Er erstarrte und vergaß, die Hintertür des Stalles wieder zu schließen. Mit seinem Vetter hatte er nun wirklich nicht gerechnet, zumindest noch nicht heute.

„Wann bist du angekommen?“ Théodred überbrückte die letzten Meter Abstand zwischen ihnen, umarmte ihn herzlich.

„Vorgestern Abend.“ Er hatte Mühe, unter dieser schraubstockartigen Begrüßung nicht zu ächzen.

„Schön, dass du es endlich mal vor mir hergeschafft hast. Ich dachte schon, das würde ich nicht mehr erleben.“ Théodred ließ von ihm ab, aber nicht, ohne ihm freundschaftlich und fest auf die Schulter zu klopfen.

Er rang sich ein schiefes Grinsen ab. „Irgendwann musste es ja klappen.“

„Das ist die richtige Einstellung. Nur nie aufgeben. Wir unterhalten uns beim Abendessen drüber.“ Er ging an ihm vorbei zur Hintertür, blieb draußen noch einmal stehen und drehte sich um. „Übrigens, Éomer, du hast da was in den Haaren. Auf der linken Seite.
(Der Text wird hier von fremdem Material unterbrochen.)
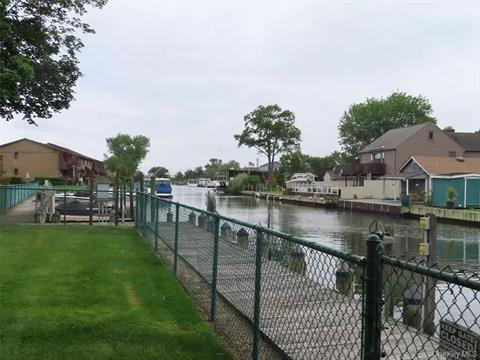 Dock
Sieht aus, als hätten sich da ein paar graue eingeschlichen. Vielleicht reißt du die besser aus.“ Mit einem schelmischen Zwinkern wandte Théodred sich wieder um und schlenderte auf das Plumpsklo zu.

Sprachlos blieb er zurück, erst nach einigen Wimpernschlägen gelang es ihm, die linke Hand wieder zu heben, ein paar Haarsträhnen zu greifen und sie erneut in Augenschein zu nehmen. Doch auch hier im Stall war das Licht zu schlecht, um zu erkennen, ob sein Vetter wirklich recht hatte. Er schluckte schwer, folgte Théodred aber dann wieder durch die Hintertür nach draußen. Mitten auf dem Hof konnte er schließlich schlecht in seinen Haaren herumwühlen!

Nun gut, besonders berauschend war das Licht draußen auch nicht. Der Nebel hing immer noch schwer und grau über Edoras, aber es war wenigstens gut genug, um schärfer sehen zu können. Leider verbesserte es nicht das Ergebnis seiner eindringlichen Blicke auf sein Haar. Théodred hatte recht! Es waren tatsächlich graue Haare zwischen seinen blonden aufgetaucht – dabei war er doch erst vierundzwanzig! Mit aufkeimender Verzweiflung schüttelte er den Kopf, kam dann zu dem Schluss, dass Théodreds Lösungsvorschlag gar nicht so schlecht war.

Das Éowyn-Problem würde also solange warten müssen, bis er diese neue, haarige Nuss geknackt hatte.